In spite of numerous invasions from the west, mostly by Muslim rulers, no western power could establish its rule in Assam until the advent of the British. The most successful invader was Mir Jhumla, a governor of Aurangzeb, who briefly occupied Gargaon the then capital of the Ahoms (1662-1663). He found it difficult to control the people, who carried on guerilla attacks on his forces and forced his army to leave the region. The last attempt by the Moghuls under the command of Raja Ram Singh resulted in the victory for the Ahoms at Saraighat (1671) under the Ahom general Lachit Borphukan.

British conquest

Ahom palace intrigue (and political turmoil resulting from the Moamoria rebellion) aided the expansionist Burmese ruler of Ava to invade Assam and install a puppet king in 1821. With the Burmese having reached the doorsteps of the East India Company's borders, the First Anglo-Burmese War ensued, in which Assam was one of the sectors. The war ended with the Treaty of Yandaboo in 1826, and the East India Company took control of the region.

Under British Administration, Assam was made a part of the British India province called the Bengal Presidency. Sometime about 1905-1912, Assam was separated and erected as a separate province of Assam.

At the time of independence of India, it consisted of the original Ahom kingdom, the present-day Arunachal Pradesh (North East Frontier Agency), Naga Hills, original Kachari kingdom, Lushai Hills, and Garo, Khasi and Jaintia Hills. Of the Assam province on the eve of Independence, Sylhet choose to join Pakistan in a referendum; and the two princely states Manipur and Tripura became Group C provinces. The capital was Shillong.

Post independence

After the independence from British rule in 1947, Assam spawned four more states to become one of the seven sister states in the 1960s and 1970s. The new states were Arunachal Pradesh, Nagaland, Mizoram and Meghalaya. The capital of Assam, which was in Shillong, had to be moved to Dispur, now a part of an expanding Guwahati.
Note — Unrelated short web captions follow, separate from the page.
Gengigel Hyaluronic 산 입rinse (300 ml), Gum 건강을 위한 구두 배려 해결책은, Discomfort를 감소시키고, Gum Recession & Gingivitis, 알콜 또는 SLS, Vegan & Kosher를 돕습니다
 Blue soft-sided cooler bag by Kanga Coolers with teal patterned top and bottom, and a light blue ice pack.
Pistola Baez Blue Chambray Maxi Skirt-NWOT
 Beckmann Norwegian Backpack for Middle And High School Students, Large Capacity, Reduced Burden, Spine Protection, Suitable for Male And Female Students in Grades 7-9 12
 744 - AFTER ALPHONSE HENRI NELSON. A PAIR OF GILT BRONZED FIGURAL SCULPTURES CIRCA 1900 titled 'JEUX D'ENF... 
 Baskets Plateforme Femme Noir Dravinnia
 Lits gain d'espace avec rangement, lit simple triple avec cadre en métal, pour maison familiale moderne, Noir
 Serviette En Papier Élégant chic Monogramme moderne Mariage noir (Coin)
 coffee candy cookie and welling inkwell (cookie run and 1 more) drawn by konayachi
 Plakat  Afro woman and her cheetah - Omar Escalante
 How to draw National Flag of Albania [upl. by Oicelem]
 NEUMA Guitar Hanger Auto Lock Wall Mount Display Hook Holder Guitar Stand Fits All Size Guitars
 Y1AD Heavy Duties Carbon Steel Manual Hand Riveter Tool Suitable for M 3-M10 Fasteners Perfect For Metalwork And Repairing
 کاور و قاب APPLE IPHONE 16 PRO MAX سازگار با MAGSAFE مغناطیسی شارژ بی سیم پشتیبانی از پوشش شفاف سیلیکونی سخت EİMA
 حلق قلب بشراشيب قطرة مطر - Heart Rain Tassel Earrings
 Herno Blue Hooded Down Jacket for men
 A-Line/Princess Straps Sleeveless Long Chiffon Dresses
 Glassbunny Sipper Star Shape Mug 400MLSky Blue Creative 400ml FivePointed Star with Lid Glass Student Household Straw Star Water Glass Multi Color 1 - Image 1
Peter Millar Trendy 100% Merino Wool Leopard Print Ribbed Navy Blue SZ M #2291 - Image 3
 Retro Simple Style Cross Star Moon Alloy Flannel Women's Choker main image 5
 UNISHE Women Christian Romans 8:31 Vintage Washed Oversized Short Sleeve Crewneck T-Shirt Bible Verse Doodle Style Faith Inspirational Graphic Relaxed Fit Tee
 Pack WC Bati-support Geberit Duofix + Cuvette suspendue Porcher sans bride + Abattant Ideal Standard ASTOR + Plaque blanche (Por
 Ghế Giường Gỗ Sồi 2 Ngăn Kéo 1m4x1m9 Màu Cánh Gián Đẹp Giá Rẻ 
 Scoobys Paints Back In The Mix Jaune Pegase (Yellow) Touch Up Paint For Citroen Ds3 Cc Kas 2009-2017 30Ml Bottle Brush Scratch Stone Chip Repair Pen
When the leaders of Assam tried to establish Assamese as the official language, the Cachar district, which is populated by a predominantly dominant Bengali speaking people, Wanted the right to study Bengali in school, college and other religious institutions. Because not only Assamese is a comparatively new language with doubtful literary works but also as analysts feel it does not have anything substantial to offer to readers and students in any way. But the establishment tries to overlook the local resaoning and military fired hundred of rounds of bullets to inncoecnt people who assembled near the railway station for a peaceful meeting. More than 11 persons lost their life and women consisted a significant number. Miss. Kamala Bhattacharjee was the first to embrace the bullet. Barak Valeey and Bengalis all over the world still rememeber those innocents who lost their lives for their language.

In the 1980s the Brahmaputra valley saw a six-year Assam Agitation that began non-violently but became increasingly violent. The movement tried to force the government to identify and deport foreigners who, the natives maintained, are illegally inundating the land from neighboring Bangladesh and changing the demographics. Critics called it a xenophobic reaction of a racist people. The agitation ended after an accord between the leaders of the agitation and the Union Government. Most of the accord remains unimplemented today, a cause for a simmering discontent.

This was followed by demands for greater autonomy especially by the Bodos in the later 1980s and 1990s. The period also saw the growth of armed secessionist groups like United Liberation Front of Asom (ULFA) and National Democratic Front of Bodoland (NDFB). The union government responded by deploying the Indian army to control the situation in November 1990, leading to claims of human rights violations. The Indian army deployment has now been institutionalized under a Unified Command. Worsening inter-ethnic relationships also marked this period.

The 2000s saw inter-ethnic killings, especially in the Karbi and Cachar hills (e.g the Hmar-Dimasa conflict).